Por Ana Luíza Matos Oliveira
Imagem: Diário Fotos Públicas

Na noite de 18 de abril de 2017, o governo golpista tentou uma manobra para aprovar o regime de urgência para o PL 6787/2016, no intuito de apressar sua tramitação e demonstrar uma suposta força. No entanto, a proposta de urgência não atingiu os 257 votos necessários na Câmara dos Deputados para aprovar o regime de urgência, tendo obtido somente 230.

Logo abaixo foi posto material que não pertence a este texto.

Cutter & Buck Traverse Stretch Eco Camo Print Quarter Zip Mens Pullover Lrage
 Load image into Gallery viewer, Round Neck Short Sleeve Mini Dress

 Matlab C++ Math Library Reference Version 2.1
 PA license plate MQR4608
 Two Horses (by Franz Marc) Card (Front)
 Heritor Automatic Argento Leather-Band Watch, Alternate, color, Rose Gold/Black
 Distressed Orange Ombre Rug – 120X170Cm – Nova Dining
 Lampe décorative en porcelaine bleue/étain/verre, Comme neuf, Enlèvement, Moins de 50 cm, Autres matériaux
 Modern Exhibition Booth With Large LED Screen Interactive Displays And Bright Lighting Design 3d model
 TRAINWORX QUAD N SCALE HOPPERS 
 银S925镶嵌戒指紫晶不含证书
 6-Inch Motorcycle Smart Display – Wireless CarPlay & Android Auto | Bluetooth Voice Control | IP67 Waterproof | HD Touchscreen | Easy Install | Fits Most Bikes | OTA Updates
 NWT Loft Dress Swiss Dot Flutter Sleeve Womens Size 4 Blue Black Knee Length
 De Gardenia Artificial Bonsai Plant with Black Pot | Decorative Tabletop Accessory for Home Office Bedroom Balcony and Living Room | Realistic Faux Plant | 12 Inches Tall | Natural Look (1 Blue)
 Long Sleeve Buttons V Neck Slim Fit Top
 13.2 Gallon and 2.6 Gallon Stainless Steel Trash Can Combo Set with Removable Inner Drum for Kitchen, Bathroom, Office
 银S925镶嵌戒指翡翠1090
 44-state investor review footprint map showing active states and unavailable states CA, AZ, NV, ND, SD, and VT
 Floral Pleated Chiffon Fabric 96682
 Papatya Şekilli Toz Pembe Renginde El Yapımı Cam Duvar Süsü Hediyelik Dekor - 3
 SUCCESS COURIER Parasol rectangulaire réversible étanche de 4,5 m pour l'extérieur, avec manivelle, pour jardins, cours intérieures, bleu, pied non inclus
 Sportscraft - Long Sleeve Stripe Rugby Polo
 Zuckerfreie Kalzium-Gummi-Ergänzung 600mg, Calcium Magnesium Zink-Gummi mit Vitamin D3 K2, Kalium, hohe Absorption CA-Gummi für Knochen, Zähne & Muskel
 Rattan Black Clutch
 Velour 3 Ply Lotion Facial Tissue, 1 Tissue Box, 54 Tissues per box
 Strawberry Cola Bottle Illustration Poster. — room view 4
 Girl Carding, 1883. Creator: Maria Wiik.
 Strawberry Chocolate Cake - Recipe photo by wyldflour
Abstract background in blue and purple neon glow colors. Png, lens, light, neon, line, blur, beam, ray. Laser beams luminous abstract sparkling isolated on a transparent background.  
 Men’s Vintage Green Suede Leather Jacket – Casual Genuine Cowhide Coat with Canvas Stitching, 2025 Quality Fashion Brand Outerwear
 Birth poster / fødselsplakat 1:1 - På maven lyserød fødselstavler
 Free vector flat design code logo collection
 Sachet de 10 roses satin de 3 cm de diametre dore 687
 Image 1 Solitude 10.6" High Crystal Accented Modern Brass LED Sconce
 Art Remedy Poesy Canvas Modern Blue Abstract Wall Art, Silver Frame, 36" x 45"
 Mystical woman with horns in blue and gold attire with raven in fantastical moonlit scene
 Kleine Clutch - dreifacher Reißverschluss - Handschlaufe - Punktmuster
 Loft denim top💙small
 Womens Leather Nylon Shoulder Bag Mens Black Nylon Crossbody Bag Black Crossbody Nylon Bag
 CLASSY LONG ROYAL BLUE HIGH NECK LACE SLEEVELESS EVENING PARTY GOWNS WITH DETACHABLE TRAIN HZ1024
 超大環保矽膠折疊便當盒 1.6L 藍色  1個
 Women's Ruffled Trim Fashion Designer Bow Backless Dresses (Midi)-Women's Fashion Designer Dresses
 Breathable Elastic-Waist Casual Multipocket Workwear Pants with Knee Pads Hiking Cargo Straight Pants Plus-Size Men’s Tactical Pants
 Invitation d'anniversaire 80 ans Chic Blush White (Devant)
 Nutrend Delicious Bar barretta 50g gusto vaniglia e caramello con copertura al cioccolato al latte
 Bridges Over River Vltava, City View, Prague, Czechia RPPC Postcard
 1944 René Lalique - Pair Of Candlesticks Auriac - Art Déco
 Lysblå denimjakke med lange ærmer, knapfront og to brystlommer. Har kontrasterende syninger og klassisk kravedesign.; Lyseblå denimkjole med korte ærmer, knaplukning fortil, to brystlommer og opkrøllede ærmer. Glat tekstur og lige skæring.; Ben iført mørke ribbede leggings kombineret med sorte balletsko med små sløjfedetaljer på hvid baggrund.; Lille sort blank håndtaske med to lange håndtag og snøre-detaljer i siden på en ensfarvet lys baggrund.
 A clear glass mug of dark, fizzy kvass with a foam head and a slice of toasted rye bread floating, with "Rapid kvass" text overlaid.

Acredita-se que a dificuldade em aprovar o regime de urgência para o PL deva-se à sua impopularidade e medo dos congressistas de serem associados a um projeto que retira direitos conquistados, retrocedendo a antes de 1943, data em que passou a vigorar a CLT.

Naquela mesma tarde, policiais haviam invadido o congresso protestando contra a reforma da previdência. Após o protesto, o relator da reforma da previdência Arthur Maia (PPS – BA) recuou, desistindo da proposta de idade mínima para aposentadoria aos 60 anos para policiais, o que mostra que o caminho para barrar as investidas contra os direitos sociais é a luta política.

O PL 6787/2016, projeto mais representativo da reforma trabalhista proposta por Temer, visa principalmente a prevalência do negociado sobre o legislado. Em linhas gerais, que trabalhadores e empregadores possam negociar os termos da jornada, salário e contrato, mesmo que desrespeitem os direitos mínimos estabelecidos pela Consolidação das Leis do Trabalho (CLT).

Aponta-se que a CLT seria rígida e retrógrada, sem explicar no entanto como o Brasil teria atingido níveis de “pleno emprego” até 2014 com a vigência destas mesmas leis. A conta da crise, novamente, cai sobre os trabalhadores. Até aqui não há nada de novo: em momentos de crise, assim como nos anos 1980, volta o velho discurso de que a responsabilidade pela crise é a dos gastos sociais ou dos direitos trabalhistas.